Hair and Make-up: Person in charge of… hair and make-up. They’ll ensure your actors look attractive (or not), and makes adjustments throughout the shoot to ensure continuity.
Sound Recordist / Boom Operator: Person in charge of recording sound. They’ll make sure your actors can be heard clearly while minimising unwanted background sounds.
Breaking down your script into its various elements is an excellent means of organising your shoot. Rather than relying on your memory to figure out what props, actors and locations you need, a script breakdown provides a logical manner by which you can properly organise the requirements of every scene and shot.
The simplest way of breaking down the script is into the physical components that are needed for every scene as described by the script. If the script mentions a character opening cigarette packet in the first scene, then that prop should be noted down. If the script has three people talking in the first scene, then those characters should be noted down. If the first scene takes place in a seedy bar, then that location should be noted down.

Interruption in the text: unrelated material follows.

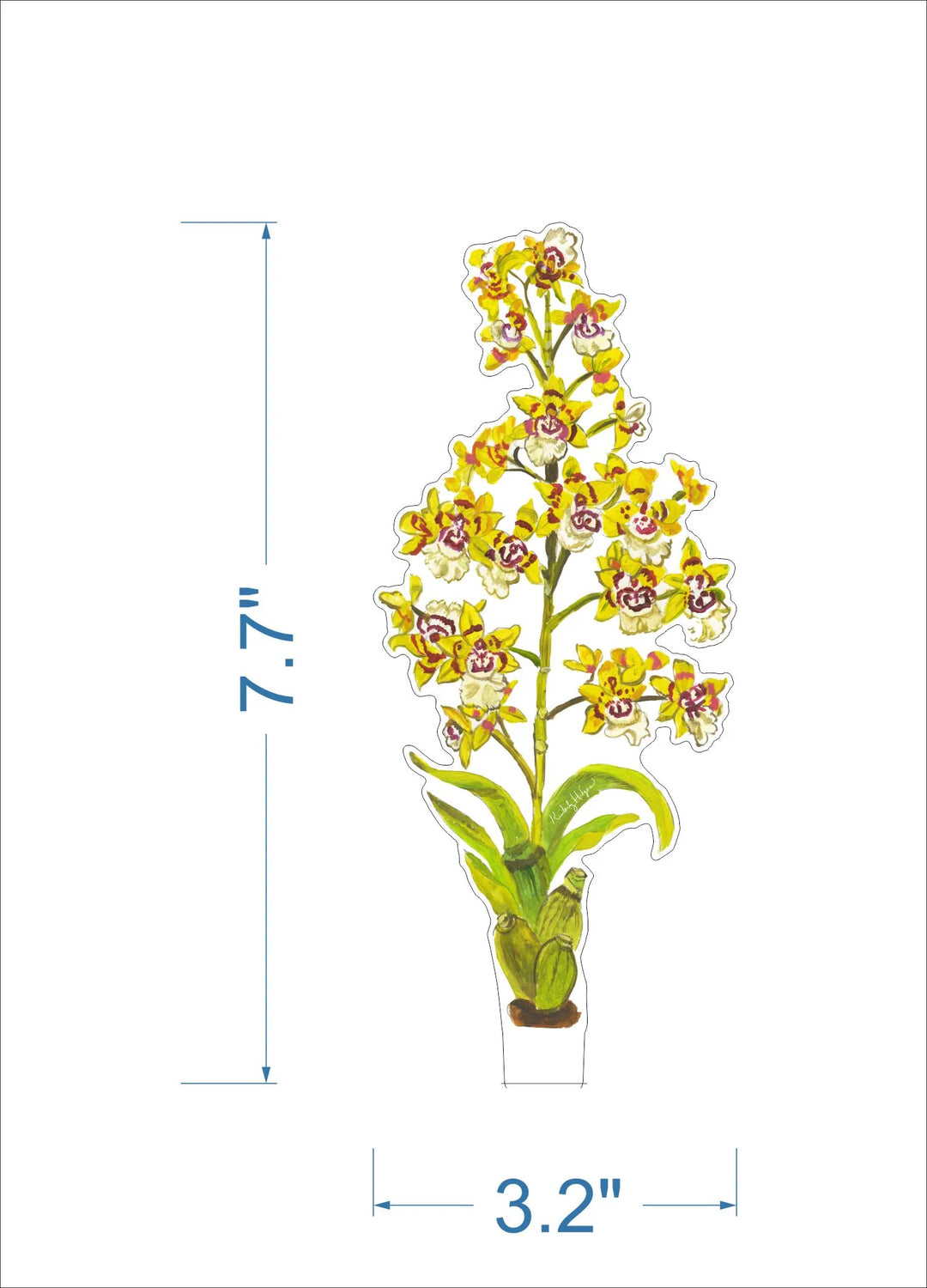Yellow King Orchid Acrylic Floral/stand sold Separately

By the end of the process, you should know what is required for every single scene. It’ll also make it easier when scheduling as you’ll be aware of what props and people you will need, the places that you will need them, and on what days they should be there.
Finally. you’ll probably want to go even further and make notes on actor performance, lighting, mood, etc. This will allow you to direct the actors based on your thoughts made in the relative quiet of pre-production versus those formed in the chaos of being on set. In addition, it’ll prepare you for how you want your film storyboarded and, ultimately, shot.